Fri. Mar 21st, 2025

A display of ‘ghost guns’ displayed by Attorney General Josh Shapiro’s office during a Capitol news conference on Monday, Dec. 16, 2019 (Capital-Star photo).

Delaware County Council has taken  its first steps towards banning “ghost guns.” The unserialized firearms can be manufactured  using 3d-printed pieces or from kits containing parts that can be purchased without a background check. The law would also ban converters, often known as “Glock switches,” that can be used to turn a semi-automatic weapon into a fully automatic weapon..

If the ordinance passes, Delaware County will become the fifth or sixth local government in Pennsylvania to ban ghost guns, despite the commonwealth’s preemption laws that generally keep municipalities from enacting gun measures stricter than what exists in state code. 

But, the state Supreme Court is expected to rule soon on whether or not the ghost gun bans can stand.

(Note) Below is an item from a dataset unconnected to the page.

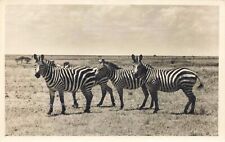Postcard RPPC Zebras Nairobi Kenya 1959 Wildlife picture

“The most sacred duty an elected official has is to keep our public safe,” said Richard Womack, vice chair of the Delaware County Council. “This ordinance helps to do that in a balanced, smart way that maintains public freedoms while keeping ensured public safety.”

The ordinance introduced Wednesday would entirely ban the manufacturing, sale and possession of ghost guns, except by people with a federal firearm license (FFL). It would also ban conversion devices entirely, as well as the sale or transfer of firearm finishing devices like mills or jigs used to convert frames or receivers into fully assembled guns. Violations could result in a $1000 fine or up to 10 days in jail.

In Erie, another proposed ghost gun ban had a first reading at a city council meeting on the same day.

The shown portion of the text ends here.